Pick out the jobs that have no $ADDRESS_ZIP4 defined, figure out the zip+4 based on the address and 5-digit zip in the job (requires an account with SmartyStreets with credentials in config/phantom-dc_config.rb), and try the job again.
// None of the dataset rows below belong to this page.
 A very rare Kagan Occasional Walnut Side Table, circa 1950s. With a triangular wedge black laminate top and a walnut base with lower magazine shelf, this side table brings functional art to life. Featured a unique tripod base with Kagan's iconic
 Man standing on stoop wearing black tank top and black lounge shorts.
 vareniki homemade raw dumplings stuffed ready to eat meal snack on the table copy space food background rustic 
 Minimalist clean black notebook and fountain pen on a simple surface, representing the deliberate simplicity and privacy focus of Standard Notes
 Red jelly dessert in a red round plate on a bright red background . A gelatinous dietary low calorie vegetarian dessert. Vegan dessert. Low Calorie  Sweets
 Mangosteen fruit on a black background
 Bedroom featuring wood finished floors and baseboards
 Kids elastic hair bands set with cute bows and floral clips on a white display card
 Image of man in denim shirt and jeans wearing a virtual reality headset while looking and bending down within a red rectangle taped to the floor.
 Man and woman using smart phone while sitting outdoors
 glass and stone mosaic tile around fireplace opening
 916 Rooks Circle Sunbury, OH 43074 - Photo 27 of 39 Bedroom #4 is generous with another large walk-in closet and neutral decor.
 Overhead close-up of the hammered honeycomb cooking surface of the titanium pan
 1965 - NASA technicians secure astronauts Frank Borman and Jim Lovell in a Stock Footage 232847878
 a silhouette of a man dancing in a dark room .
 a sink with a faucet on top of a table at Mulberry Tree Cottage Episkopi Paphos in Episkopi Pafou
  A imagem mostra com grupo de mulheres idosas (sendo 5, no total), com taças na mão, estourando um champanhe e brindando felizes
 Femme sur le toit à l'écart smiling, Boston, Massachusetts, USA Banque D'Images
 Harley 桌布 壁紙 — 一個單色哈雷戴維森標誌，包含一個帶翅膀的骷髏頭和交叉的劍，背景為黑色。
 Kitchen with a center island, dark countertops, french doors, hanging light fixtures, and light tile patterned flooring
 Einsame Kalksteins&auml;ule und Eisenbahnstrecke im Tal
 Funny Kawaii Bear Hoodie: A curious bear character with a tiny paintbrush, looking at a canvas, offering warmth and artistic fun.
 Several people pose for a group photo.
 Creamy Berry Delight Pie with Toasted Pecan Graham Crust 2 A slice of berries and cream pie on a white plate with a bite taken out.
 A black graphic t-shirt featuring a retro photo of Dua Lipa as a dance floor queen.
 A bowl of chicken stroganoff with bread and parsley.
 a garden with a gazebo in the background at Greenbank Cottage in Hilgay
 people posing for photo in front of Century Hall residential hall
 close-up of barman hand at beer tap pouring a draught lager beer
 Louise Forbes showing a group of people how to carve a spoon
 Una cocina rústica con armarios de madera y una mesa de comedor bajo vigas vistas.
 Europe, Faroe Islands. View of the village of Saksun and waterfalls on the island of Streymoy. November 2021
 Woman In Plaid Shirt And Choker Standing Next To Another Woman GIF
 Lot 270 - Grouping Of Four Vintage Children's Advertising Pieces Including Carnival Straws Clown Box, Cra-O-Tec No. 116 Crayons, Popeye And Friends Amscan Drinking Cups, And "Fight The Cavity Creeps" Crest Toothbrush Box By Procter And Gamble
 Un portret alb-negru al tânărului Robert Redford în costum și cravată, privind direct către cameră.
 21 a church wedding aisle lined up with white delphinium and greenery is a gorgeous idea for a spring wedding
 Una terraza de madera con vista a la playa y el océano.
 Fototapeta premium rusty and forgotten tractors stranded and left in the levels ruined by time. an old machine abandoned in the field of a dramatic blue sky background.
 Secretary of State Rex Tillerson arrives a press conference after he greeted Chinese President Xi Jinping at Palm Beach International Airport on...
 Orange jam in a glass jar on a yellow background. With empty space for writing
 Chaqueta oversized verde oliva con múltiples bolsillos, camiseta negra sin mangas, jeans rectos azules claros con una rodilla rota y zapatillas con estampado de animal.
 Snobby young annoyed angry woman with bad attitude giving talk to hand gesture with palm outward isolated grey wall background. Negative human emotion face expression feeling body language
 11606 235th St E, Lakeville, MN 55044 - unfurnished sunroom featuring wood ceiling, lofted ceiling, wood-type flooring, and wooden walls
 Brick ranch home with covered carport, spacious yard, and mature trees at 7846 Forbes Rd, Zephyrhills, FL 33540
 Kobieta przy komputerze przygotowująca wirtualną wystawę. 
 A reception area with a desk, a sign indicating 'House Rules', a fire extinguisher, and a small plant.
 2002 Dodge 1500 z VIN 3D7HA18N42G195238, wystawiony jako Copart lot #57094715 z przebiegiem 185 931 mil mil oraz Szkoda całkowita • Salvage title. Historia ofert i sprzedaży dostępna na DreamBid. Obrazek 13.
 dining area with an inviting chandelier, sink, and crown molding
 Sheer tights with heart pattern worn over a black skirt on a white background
Optionally provide:

Examples:

$  rake phantom-dc:delayed_job:zip4_retry
$  rake phantom-dc:delayed_job:zip4_retry[A000000]

Padrino Console

If you prefer to dive deep, you can fire up the padrino console with padrino c and debug jobs:

> Delayed::Job.where(queue: "error_or_failure").count # count of all jobs
 => 78
> job = Delayed::Job.where(queue: "error_or_failure").first # get the first job
 => #<Delayed::Backend::ActiveRecord::Job id: 318, priority: 0, attempts: 1, handler: "--- !ruby/object:Delayed::PerformableMethod\nobject:...", last_error: "Unable to find css \"p\" with text /Thank you!/\n[\"/ho...", run_at: "2014-07-03 12:14:10", locked_at: nil, failed_at: nil, locked_by: nil, queue: "error_or_failure", created_at: "2014-07-03 12:14:10", updated_at: "2014-08-26 18:50:27">
> handler = YAML.load job.handler # get the "handler" which contains the object to be acted upon and the arguments
 => #<Delayed::PerformableMethod:0x0000000544ae30 @object=#<CongressMember id: 60, bioguide_id: "F000457", success_criteria: "---\nheaders:\n  status: 200\nbody:\n  contains: Your m...", created_at: "2014-04-30 19:08:05", updated_at: "2014-07-03 18:54:34">, @method_name=:fill_out_form, @args=[{"$NAME_FIRST"=>"John", "$NAME_LAST"=>"Doe", "$ADDRESS_STREET"=>"123 Fake Street", "$ADDRESS_CITY"=>"Hennepin", "$ADDRESS_ZIP5"=>"55369", "$EMAIL"=>"johndoe@example.com", "subscribe"=>"1", "$SUBJECT"=>"Example subject", "$MESSAGE"=>"Example Message", "$NAME_PREFIX"=>"Mr.", "$ADDRESS_STATE_POSTAL_ABBREV"=>"MN", "$TOPIC"=>"Example Topic", "$PHONE"=>"555-555-5555", "$ADDRESS_ZIP4"=>"1234"}, nil]>
handler.args[0]['$PHONE'] = '123-456-7890' # set the phone number

Then, when you're ready to retry the fill:

handler.perform # try filling out the form
handler.object.fill_out_form(handler.args[0]) do |c|
  puts c
  STDIN.gets.strip
end # fills out a form with a captcha